How to complete this task |
Reproduce exactly the span of lines beginning at the one with "حیوانات خانگی|گربه|اندیشه, شهرک مریم|دیوار" and ending at the last line of the data below, omitting pictures.

Dataset content |
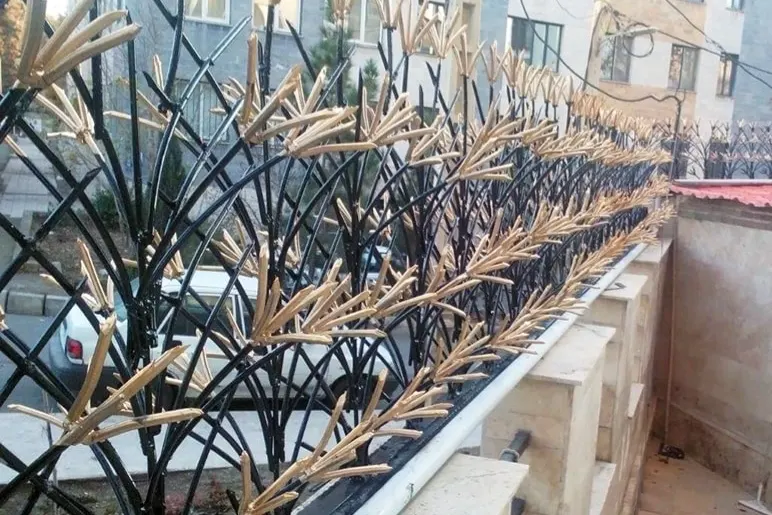 حفاظ شاخ گوزنی 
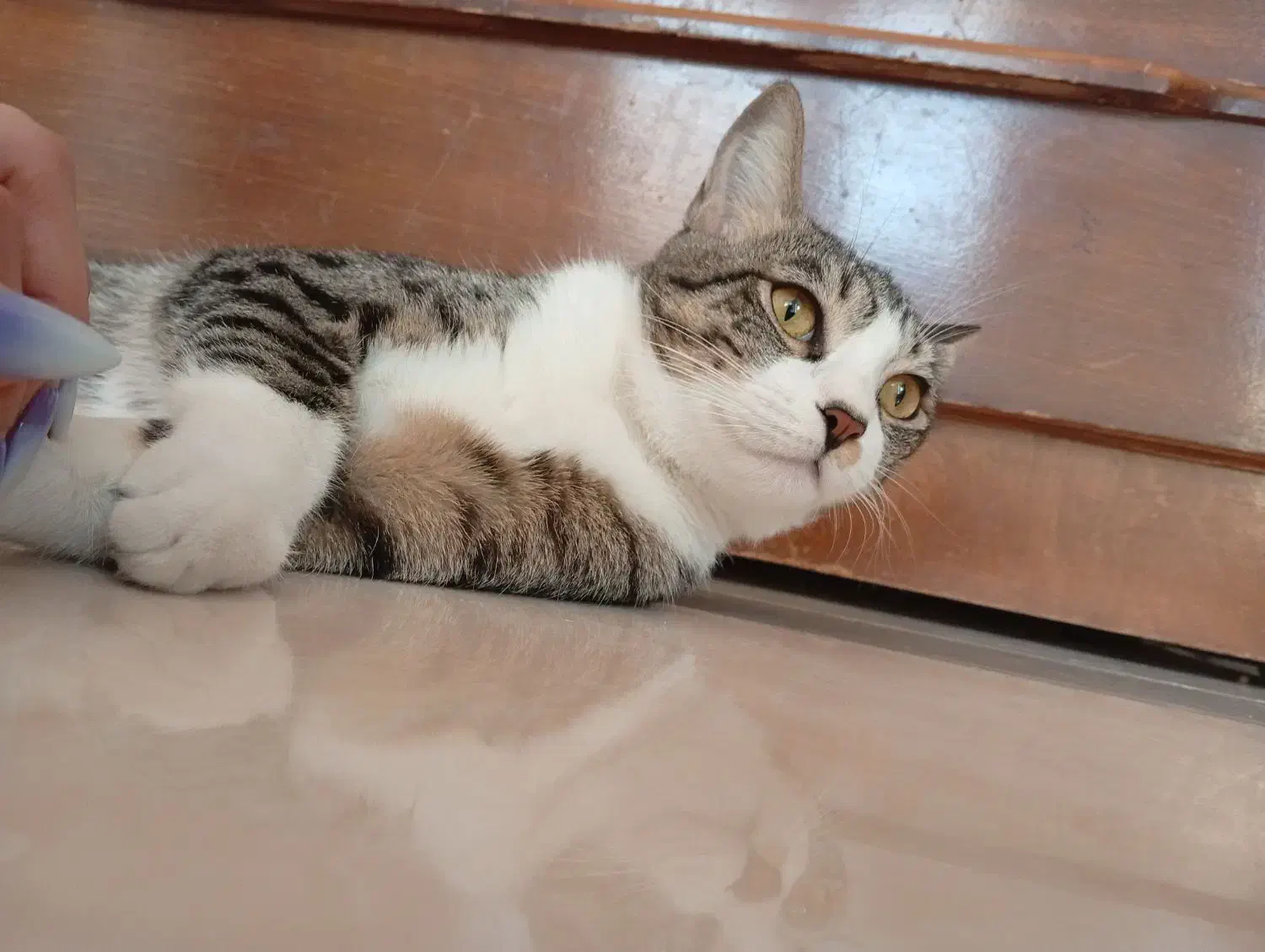 حیوانات خانگی|گربه|اندیشه, شهرک مریم|دیوار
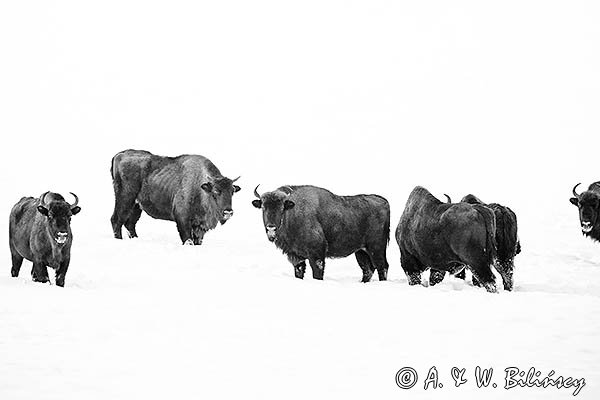 Żubry, Bison bonasus, Bieszczady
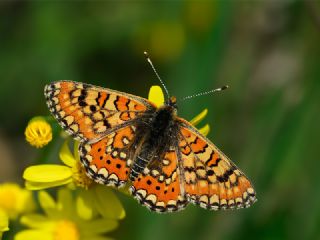 Gzel Nazuum (Euphydryas orientalis)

Completed exercise |
 حیوانات خانگی|گربه|اندیشه, شهرک مریم|دیوار
 Żubry, Bison bonasus, Bieszczady
 Gzel Nazuum (Euphydryas orientalis)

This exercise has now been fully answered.